Pour comprendre Daniel Zenner, il faut d’abord passer un peu de temps dans son univers vosgien. Une fois dans son jardin et après avoir avalé les lacets et cahoté sur une route crevassée, un panorama magnifique sur la vallée de Kaysersberg s’offre au regard. Devant les nuances bleutées du crépuscule, l’apaisement s’installe et se poursuit à l’intérieur. Tout ici, à commencer par le lavabo en pierre de la cuisine, a été mis en œuvre pour préserver l’ancien. « Moi, je ne peux pas vivre sans la nature, je vis dedans. Il faut que j’entende mes sources. Je supporte de moins en moins le bruit des voitures, la pollution visuelle.

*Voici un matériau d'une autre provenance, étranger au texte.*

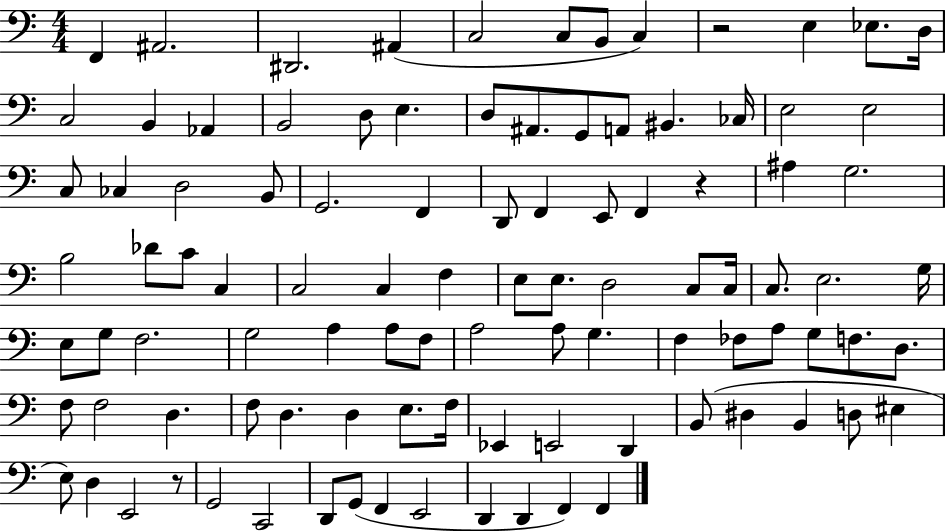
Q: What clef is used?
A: bass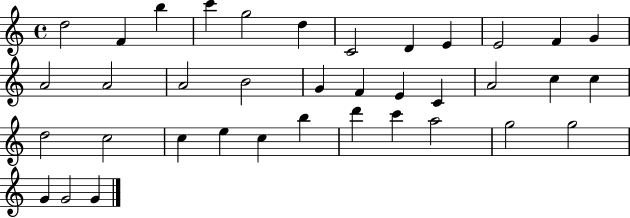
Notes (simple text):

D5/h F4/q B5/q C6/q G5/h D5/q C4/h D4/q E4/q E4/h F4/q G4/q A4/h A4/h A4/h B4/h G4/q F4/q E4/q C4/q A4/h C5/q C5/q D5/h C5/h C5/q E5/q C5/q B5/q D6/q C6/q A5/h G5/h G5/h G4/q G4/h G4/q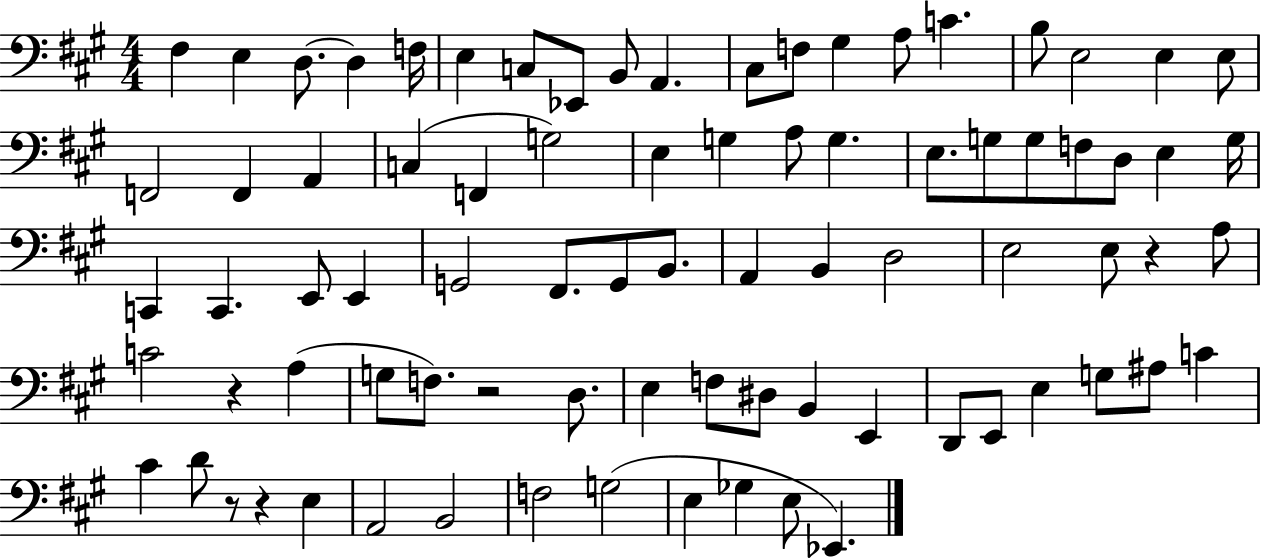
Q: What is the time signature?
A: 4/4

Il me faut mon calme », pose ce cuisinier de formation dont la bibliothèque ne compte pas moins de 800 références.
Aujourd’hui reconnu pour son savoir-faire de cueilleur, Daniel Zenner revendique la cuisine comme passion première. Une vocation de jeunesse minée par un apprentissage à la dure – doux euphémisme – vers laquelle il est revenu par des chemins de traverses, exerçant son insatiable curiosité à travers champs et forêts. « Pour qu’un chef fasse appel à moi, il faut qu’il soit sensible à la nature et d’un haut niveau culinaire. » Humble, aussi : « Même si on a deux étoiles Michelin, on se forme encore, on ne sait pas tout ». Il faut également accepter de rompre avec la routine des services et se laisser aller à l’observation, le temps d’une promenade aussi instructive que bucolique. Un luxe quotidien que Daniel Zenner ne troquerait contre rien au monde tant le fait de prendre son temps lui a apporté de plaisir tout en glanant des connaissances.
« On regarde comment s’appelle telle plante puis on s’aperçoit qu’elle a des cousins, une famille. L’intérêt pour les arbres, les insectes, la géologie et toutes les sciences de la nature vient spontanément car tout est imbriqué ». Un champ d’exploration infini de couleurs, de saveurs et de textures dont les cuisiniers raffolent particulièrement aujourd’hui. « Autrefois, tout le monde allait cueillir les orties, les pissenlits. Avec les moyens techniques actuels, on arrive à en extraire des parfums, des textures et des couleurs qui permettent aux chefs d’élargir leur palette », relate celui qui aime à rappeler que « Marc Veyrat n’avait pas encore son chapeau quand j’avais le mien et que je donnais déjà des cours. »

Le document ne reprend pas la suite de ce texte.